Database Research Group Events

Spring 2000

Time: Friday, May 5, 2:00 pm, DC1331
Speaker: Frank Tompa
Topic: An example of text data mining

The data mining group at Stanford has been examining the problem of extracting useful relations from large collections of text. An intriguing approach to this task was described by Sergey Brin (one of the developers of Google) in 1998: extract a <book author, book title> database from the World Wide Web by using the following bootstrap process:

  1. Seed the target relation with a few tuples; e.g., <Melville, Moby Dick>.
  2. Repeat:
    1. Search the text for matches to a tuple's fields in close proximity; e.g., "the beast immortalized by Herman Melville in MOBY DICK. In a special ...."
    2. Recover patterns that match the surrounding context in the text; e.g., "... by $author in $title ...".
    3. Extract additional tuples by matching these patterns back to the text.

I will describe my experience with applying this technique to recovering the names of sports teams from the Ottawa Citizen.
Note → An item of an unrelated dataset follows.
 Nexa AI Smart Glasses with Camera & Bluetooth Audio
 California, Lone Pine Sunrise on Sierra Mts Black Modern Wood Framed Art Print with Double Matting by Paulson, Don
After that I will introduce the problem of classifying word senses in the Oxford English Dictionary by subject (e.g., recognizing that "dial-up", "and" in sense D, "cursor" in sense 2b, and "zone" in sense 9 designate computing usage of the words).

Snacks: Anthony Cox

Time: Friday, May 12, 2:00 pm, DC1331
Speaker: none
Topic: "open mike"

Time: Friday, May 19,
No meeting

Time: Friday, May 26, 2:00 pm, DC1331
Speaker: Arun Marathe
Topic: Applications of AML

I shall present several applications of the Array Manipulation Language (AML) that we have designed to manipuate array data. Applications include wavelet reconstruction, JPEG-based still image compression, and several queries from the satellite image processing domain. Array manipulations in these and other queries are highly structured and it will be seen how AML captures such regularities.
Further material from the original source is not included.